Your task is to copy the lines of the data below from the line holding "I'm having a" through the line holding "Meanwhile, the 12-cup", inclusive, exactly and with nothing added.

====== DATA UNDER STUDY ======

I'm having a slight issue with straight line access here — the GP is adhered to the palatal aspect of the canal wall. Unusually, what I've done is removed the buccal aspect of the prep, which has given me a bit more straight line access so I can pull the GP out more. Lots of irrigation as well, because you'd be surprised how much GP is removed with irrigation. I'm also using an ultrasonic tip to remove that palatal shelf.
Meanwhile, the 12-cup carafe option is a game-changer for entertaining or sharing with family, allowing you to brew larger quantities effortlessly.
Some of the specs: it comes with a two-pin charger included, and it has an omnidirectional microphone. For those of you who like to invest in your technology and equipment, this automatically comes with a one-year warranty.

======
====== DATA UNDER STUDY ======

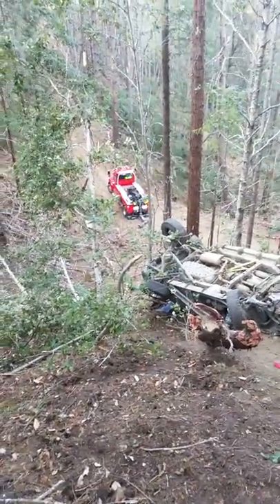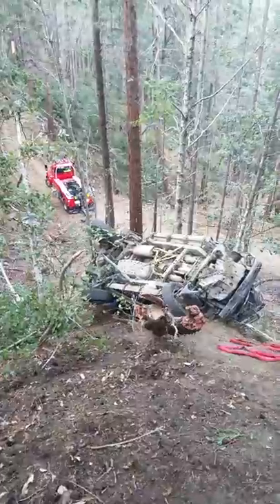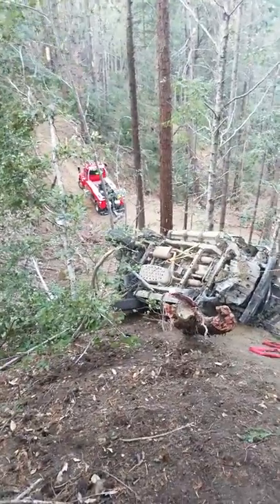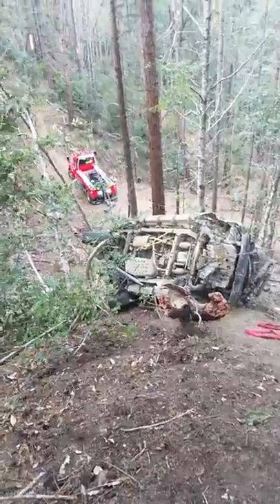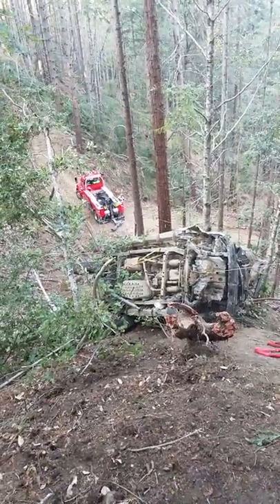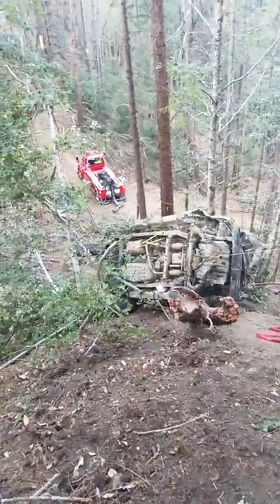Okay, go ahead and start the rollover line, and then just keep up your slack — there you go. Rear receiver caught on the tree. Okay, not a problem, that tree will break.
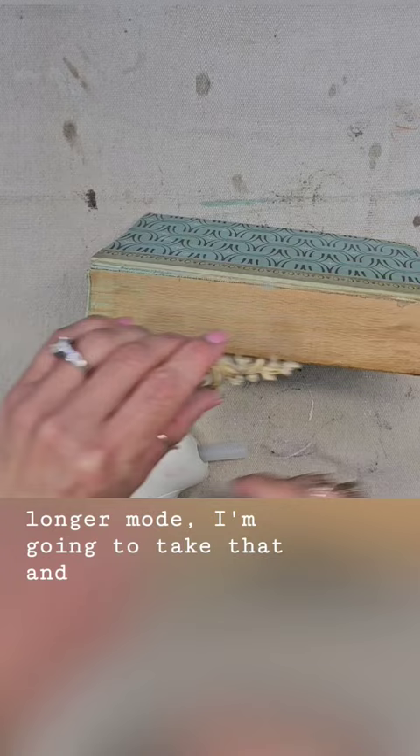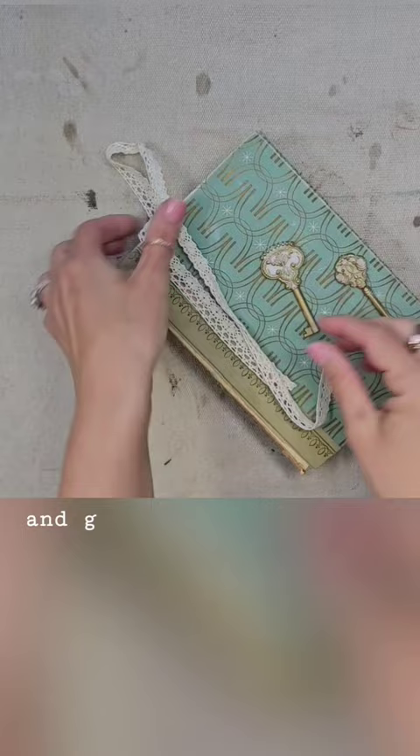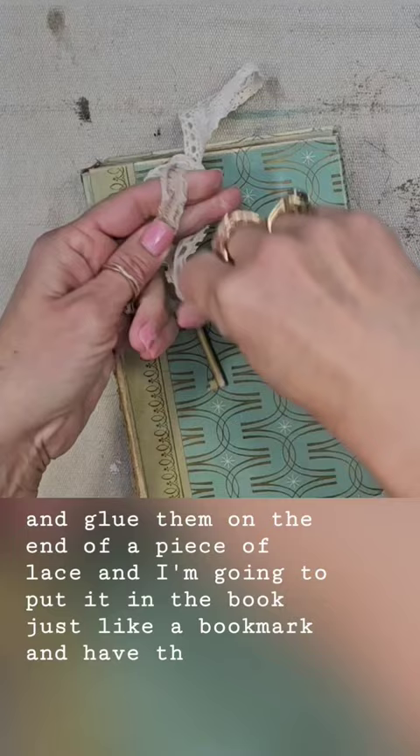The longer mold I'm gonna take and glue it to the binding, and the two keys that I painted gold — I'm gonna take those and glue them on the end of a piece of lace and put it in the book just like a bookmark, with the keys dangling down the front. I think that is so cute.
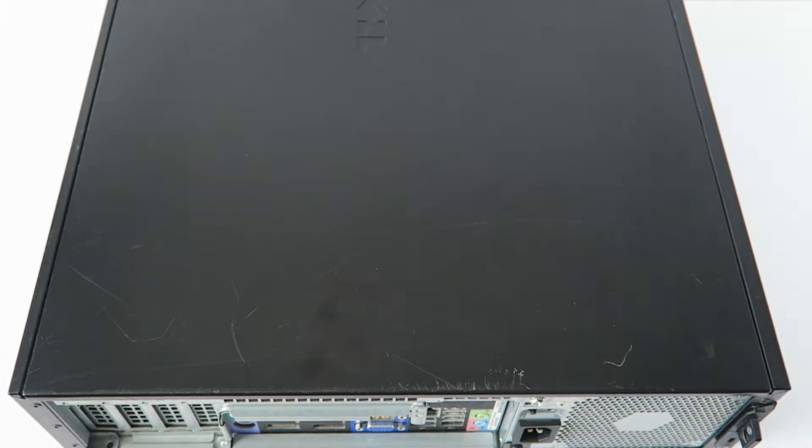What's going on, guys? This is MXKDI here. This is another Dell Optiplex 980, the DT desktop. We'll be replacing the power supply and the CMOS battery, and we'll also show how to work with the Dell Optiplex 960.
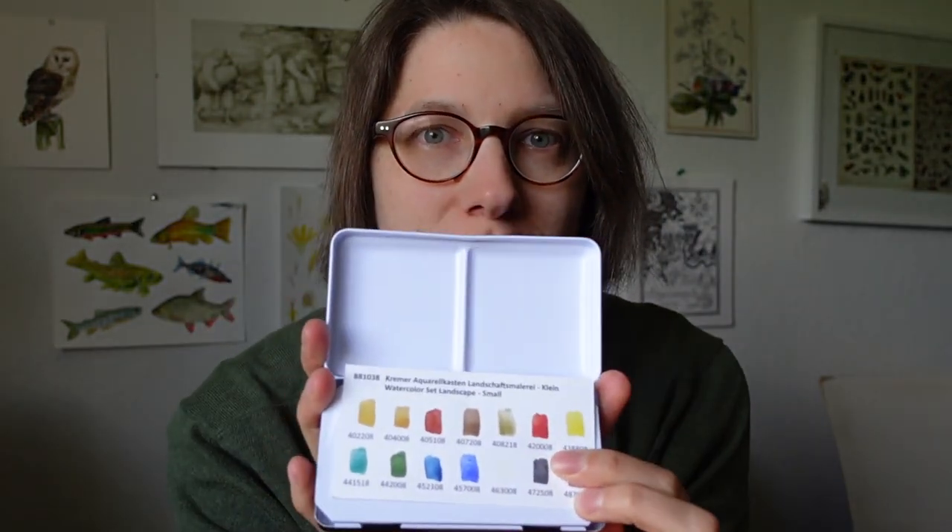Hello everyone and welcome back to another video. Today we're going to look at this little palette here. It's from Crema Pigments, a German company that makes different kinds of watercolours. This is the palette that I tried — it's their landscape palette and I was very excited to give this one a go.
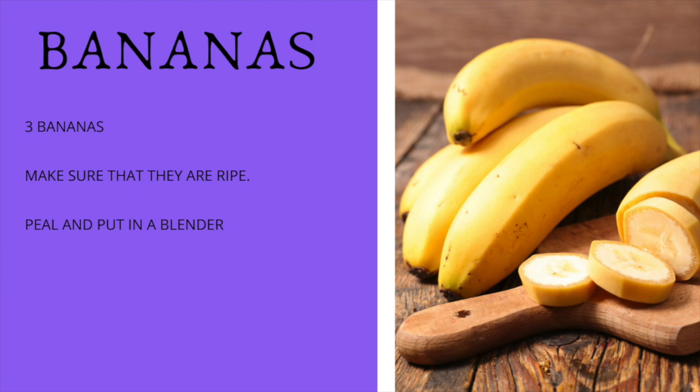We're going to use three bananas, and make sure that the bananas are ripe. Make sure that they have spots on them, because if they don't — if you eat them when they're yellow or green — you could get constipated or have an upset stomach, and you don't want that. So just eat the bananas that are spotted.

======

▶ [RESULT OF THE EXERCISE]
I'm having a slight issue with straight line access here — the GP is adhered to the palatal aspect of the canal wall. Unusually, what I've done is removed the buccal aspect of the prep, which has given me a bit more straight line access so I can pull the GP out more. Lots of irrigation as well, because you'd be surprised how much GP is removed with irrigation. I'm also using an ultrasonic tip to remove that palatal shelf.
Meanwhile, the 12-cup carafe option is a game-changer for entertaining or sharing with family, allowing you to brew larger quantities effortlessly.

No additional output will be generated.